Eine zukunftsträchtige Lösung
Die Gemeinde Wohlen war sofort bei der Umsetzung dieser Idee dabei. Seit einigen Jahren setzt sie sich für erneuerbare Energien und Klimaschutz ein und erhielt 2019 sogar den «European Energy Award Gold». Deshalb rannte Anis Klepo beim Gemeindepräsidenten offene Türen ein, als er ihm die Idee präsentierte, und die Gemeinde war sogar bereit, den Bau des Ladebalkens mit einem finanziellen Beitrag zu unterstützen.

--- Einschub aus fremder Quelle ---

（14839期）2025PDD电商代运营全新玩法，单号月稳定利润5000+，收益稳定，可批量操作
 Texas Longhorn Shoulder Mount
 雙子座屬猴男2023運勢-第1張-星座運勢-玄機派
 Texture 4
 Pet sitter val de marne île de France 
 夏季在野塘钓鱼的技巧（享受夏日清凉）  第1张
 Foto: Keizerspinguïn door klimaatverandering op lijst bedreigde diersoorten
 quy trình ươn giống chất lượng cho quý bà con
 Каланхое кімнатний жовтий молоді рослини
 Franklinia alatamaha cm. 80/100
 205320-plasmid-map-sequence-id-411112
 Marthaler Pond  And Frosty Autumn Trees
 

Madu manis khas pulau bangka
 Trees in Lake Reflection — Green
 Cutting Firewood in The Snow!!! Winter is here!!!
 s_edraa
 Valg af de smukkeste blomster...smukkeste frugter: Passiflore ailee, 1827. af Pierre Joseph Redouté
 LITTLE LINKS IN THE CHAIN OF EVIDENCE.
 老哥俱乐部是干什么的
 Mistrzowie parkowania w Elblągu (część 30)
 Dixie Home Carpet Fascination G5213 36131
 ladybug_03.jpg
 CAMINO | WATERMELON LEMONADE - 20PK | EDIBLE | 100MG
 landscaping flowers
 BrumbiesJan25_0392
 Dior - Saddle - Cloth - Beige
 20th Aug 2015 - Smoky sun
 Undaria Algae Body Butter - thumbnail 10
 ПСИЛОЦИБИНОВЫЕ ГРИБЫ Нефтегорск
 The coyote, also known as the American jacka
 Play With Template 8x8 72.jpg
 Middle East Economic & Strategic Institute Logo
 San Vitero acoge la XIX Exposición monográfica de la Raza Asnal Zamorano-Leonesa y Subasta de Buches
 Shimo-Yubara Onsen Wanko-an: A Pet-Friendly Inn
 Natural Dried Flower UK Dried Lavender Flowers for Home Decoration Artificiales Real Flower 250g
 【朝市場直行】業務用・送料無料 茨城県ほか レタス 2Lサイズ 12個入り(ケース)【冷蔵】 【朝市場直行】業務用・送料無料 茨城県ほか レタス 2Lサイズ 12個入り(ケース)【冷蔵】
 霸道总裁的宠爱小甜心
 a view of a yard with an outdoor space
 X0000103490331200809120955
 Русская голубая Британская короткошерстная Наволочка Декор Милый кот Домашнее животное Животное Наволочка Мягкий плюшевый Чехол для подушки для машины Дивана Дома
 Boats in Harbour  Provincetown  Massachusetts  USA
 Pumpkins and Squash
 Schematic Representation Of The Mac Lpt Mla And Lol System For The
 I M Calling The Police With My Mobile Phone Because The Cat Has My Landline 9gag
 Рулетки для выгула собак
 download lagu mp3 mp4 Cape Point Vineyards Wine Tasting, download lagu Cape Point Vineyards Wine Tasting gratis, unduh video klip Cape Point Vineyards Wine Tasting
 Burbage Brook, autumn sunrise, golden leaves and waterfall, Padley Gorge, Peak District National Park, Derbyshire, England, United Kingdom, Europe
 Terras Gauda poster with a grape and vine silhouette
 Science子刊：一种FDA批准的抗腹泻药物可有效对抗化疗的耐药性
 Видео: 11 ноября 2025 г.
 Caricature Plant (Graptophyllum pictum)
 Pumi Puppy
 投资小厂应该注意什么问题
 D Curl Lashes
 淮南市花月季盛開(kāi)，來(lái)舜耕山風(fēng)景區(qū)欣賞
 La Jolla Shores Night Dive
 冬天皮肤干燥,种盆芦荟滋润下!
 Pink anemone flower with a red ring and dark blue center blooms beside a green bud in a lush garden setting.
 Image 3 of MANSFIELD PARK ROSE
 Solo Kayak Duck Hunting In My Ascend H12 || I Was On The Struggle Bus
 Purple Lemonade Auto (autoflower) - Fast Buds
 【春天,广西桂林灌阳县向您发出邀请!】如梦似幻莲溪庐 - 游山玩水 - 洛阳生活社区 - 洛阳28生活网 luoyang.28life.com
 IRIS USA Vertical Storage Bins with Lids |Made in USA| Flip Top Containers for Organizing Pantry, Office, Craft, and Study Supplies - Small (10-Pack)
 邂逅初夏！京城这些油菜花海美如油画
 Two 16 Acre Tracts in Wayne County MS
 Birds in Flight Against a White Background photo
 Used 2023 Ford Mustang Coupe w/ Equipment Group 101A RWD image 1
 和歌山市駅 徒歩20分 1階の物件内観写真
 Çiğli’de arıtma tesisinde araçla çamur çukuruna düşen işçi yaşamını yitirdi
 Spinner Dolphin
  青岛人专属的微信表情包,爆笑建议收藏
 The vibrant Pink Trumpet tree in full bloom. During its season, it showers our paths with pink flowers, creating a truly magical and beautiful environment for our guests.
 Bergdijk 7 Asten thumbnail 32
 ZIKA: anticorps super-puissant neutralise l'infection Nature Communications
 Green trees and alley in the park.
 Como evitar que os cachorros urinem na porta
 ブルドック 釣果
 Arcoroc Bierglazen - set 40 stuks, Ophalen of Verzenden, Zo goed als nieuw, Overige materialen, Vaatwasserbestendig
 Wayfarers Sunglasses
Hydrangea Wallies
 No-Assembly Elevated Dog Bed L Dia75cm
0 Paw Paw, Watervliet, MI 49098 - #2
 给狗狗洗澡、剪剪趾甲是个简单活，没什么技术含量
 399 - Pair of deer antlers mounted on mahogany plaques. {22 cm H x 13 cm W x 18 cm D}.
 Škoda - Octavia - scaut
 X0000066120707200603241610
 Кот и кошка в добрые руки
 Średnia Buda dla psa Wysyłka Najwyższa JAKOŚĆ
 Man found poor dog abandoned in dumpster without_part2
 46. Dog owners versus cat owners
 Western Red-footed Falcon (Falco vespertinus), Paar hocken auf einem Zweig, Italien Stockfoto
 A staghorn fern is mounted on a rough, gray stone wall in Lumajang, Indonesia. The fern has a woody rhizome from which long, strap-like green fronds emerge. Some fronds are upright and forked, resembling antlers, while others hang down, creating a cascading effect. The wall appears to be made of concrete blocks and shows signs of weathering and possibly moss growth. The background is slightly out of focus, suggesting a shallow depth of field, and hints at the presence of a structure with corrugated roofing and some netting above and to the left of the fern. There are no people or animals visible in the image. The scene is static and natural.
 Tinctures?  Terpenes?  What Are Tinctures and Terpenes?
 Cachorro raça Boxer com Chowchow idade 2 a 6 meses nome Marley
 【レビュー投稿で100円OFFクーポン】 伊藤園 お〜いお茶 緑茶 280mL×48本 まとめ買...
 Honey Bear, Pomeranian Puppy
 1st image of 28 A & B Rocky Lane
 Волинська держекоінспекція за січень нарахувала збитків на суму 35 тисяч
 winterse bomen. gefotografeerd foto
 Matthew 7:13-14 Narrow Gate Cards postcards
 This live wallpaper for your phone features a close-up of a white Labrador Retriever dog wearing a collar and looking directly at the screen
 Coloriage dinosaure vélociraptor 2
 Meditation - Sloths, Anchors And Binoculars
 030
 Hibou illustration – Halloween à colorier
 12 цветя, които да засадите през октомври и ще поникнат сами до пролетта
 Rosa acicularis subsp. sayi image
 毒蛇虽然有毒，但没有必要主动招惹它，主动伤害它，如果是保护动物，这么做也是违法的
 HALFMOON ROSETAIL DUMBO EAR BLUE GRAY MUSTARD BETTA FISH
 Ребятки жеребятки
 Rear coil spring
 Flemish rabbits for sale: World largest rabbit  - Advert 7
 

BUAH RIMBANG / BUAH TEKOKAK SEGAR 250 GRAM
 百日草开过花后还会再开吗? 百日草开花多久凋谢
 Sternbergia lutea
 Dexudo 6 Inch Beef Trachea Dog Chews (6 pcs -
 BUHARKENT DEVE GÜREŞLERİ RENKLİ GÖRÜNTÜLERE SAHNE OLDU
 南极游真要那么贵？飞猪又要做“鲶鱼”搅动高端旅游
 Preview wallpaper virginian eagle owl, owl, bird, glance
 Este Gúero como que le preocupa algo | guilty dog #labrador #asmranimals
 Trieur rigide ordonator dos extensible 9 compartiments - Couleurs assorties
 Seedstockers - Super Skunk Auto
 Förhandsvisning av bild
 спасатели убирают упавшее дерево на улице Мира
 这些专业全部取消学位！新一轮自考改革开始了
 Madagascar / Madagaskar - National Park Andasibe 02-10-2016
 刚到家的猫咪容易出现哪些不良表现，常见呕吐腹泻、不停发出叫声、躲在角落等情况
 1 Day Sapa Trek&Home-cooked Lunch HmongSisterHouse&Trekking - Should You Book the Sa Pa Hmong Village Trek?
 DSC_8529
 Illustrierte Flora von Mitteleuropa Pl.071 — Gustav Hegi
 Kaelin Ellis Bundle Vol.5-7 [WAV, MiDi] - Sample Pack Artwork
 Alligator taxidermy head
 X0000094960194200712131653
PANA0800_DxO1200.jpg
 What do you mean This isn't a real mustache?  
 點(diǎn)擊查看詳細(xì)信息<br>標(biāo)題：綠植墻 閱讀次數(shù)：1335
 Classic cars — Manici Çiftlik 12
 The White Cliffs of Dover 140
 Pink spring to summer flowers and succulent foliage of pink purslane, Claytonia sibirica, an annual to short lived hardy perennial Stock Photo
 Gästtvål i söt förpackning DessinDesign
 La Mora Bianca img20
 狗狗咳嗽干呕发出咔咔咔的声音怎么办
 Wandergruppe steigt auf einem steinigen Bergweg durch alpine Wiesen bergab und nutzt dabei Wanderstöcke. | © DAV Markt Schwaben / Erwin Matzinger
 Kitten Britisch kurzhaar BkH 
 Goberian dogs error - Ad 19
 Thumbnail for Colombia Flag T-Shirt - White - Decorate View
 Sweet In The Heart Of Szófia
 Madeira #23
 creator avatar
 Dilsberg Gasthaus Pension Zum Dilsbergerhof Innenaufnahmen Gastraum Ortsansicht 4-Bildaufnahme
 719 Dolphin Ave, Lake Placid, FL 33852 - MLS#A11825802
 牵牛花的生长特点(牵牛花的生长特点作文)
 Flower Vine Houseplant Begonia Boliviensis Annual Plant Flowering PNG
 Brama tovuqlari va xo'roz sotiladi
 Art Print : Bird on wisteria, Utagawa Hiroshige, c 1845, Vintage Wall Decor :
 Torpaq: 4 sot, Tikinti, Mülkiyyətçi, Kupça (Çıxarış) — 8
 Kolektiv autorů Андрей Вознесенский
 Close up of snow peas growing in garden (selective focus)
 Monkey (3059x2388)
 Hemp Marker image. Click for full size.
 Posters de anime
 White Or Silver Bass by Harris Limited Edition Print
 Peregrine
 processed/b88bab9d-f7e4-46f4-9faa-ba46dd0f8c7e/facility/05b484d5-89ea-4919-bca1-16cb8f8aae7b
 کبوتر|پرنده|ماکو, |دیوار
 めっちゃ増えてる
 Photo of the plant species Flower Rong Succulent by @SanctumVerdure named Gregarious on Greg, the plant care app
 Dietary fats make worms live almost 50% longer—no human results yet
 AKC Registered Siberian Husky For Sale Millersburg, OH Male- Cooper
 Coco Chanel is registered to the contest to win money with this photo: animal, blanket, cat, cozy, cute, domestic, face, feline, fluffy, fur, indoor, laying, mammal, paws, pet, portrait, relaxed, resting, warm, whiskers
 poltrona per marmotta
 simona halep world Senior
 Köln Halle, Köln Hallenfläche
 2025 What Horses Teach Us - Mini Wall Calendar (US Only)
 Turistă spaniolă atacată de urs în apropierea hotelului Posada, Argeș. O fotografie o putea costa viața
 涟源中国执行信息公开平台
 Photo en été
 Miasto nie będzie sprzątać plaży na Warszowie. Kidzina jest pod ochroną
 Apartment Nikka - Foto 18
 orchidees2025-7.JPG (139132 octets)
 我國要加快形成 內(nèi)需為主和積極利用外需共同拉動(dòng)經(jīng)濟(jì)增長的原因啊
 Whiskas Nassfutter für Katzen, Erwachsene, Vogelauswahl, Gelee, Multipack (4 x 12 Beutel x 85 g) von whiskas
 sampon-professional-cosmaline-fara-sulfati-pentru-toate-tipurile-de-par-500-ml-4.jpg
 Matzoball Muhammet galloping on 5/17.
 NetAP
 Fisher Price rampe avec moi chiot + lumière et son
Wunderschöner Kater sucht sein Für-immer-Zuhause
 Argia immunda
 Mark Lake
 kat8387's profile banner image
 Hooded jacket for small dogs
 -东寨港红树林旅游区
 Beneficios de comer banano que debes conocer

Es sei eine innovative und zukunftsträchtige Ladelösung, insbesondere weil der Ladebalken autark ist, findet Gemeindepräsident Bänz Müller. «Der Balken funktioniert hervorragend und wird geschätzt, wir planen weitere Standorte in der Gemeinde», erzählt er begeistert.
Weitere Standorte willkommen
Dass die Gemeinde Wohlen seine Idee gleich unterstützte, war für den Erfinder Klepo ein Gewinn und er ist zufrieden mit dem Endergebnis. Gerne stellt er diese Erfindung auch anderen Gemeinden oder Interessierten zur Verfügung und hat deshalb darauf verzichtet, ein Patent anzumelden. «So können möglichst viele davon profitieren und etwas zum Klimaschutz leisten. Das würde mich freuen.»